It’s finally here, the moment where Spider-Woman and “Secret Wars” collide. With Marvel putting all of its energy behind this big event, it was only a matter of time before this popular series was forced to end for a while.
After shakily launching during “Spider-Verse,” the erratic final issue comes due to another game changing crossover. Rather than giving Spider-Woman context in the Marvel universe, these events are bad bookends to a series that has proved it shines when not hindered by editorial mandates. Spider-Woman #10 strives to tie up Jessica’s story in a satisfying way, but fails to successfully end this series and doesn’t spark curiosity about the larger event of “Secret Wars.”
Hopeless wastes no time plunging right into “Secret Wars” action, with Jessica bantering back and forth with Black Widow and having seemingly left Ben Urich and Porcupine behind. After the ominous ending of issue #9, this opening is out of place. By devoting pages at the beginning to showcasing Jess’ involvement in “Secret Wars,” time that could be spent fleshing out the mystery introduced in the previous issue is lost. The non-linear storytelling detracts from the story as a whole.
Of course, we eventually get some answers about Dodge City, and one of the greatest moments of this book has nothing to do with Spider-Woman. Porcupine is given the opportunity to stand out and be his charming self throughout this issue. His humor and personality carry the whole storyline, which is great since it is otherwise second-rate. Nevertheless, this is supposedly a book about Jessica Drew, so it is disappointing that she is mostly forgettable despite being in more panels than anyone else.
Given the way the book begins, the abrupt ending should be no surprise. Still, the rhythm of the book is clearly off.
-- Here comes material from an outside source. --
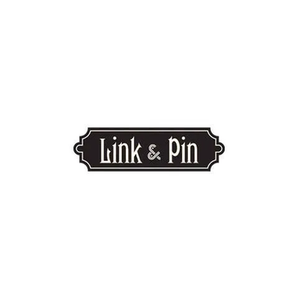 Link & Pin brand logo for linkandpin.com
The questions we were left with are only hastily answered at the tail end of #10, and I’m left wondering if this final issue has any purpose besides garnering interest in “Secret Wars.” One second, we’re getting some answers; the next, Jessica is being confronted by Black Widow. This isn’t so much a portrayal of her Last Days as it is an oddball ending to a series that’s consistently been one of Marvel’s strongest titles for months.
If there has been one consistent after Jessica’s role in “Spider-Verse,” it has been the animated, distinctive art, but for the first time since issue #5, Hopeless’ script is not supported by Javier Rodriguez’s artwork. Natacha Bustos takes over for #10 and utilizes her own energetic art to bring Jess and the gang to life. Fluid and colorful, it isn’t bad. In another comic book, I would gush about the fun style. However, it doesn’t quite fit. The backgrounds are not as detailed as Rodriguez’s, and in the process, Spider-Woman loses one of the most interesting aspects of the book.
Although I admitted with my last review that I’m not keeping up with a majority of the “Secret Wars” titles, the timing for the issue is the most baffling part. What’s the point of reading about Spider-Woman’s Last Days when the larger event is already halfway over? Most readers already know what’s going on with Jess now and probably don’t need to read a jumbled portrayal of how she ends up wearing her old costume alongside the Avengers again. It’s an unnecessary filler issue that neither “Secret Wars” fanatics nor Spider-Woman admirers need read.
This isn’t the worst Spider-Woman issue I’ve ever read, but it isn’t one that I’ll be passing along to friends. Between the disjointed story and the feeling that “Secret Wars” is bogging down a series with enormous potential, Spider-Woman #10 is a disappointing end to Jessica’s story. There is nothing about this weak ending that triggers a desire to come back for more. Even knowing it’s coming back in a few months, I can’t help but compare this final issue to the abrupt final issue of her original series; there is a rushed resolution and the feeling that Jessica deserves better treatment.
Spider-Woman #10 features a misguided story that only serves to get readers to pick up “Secret Wars” titles. Between the peculiar pacing and the unremarkable plot, this is one of Hopeless’ weakest issues since this series launched.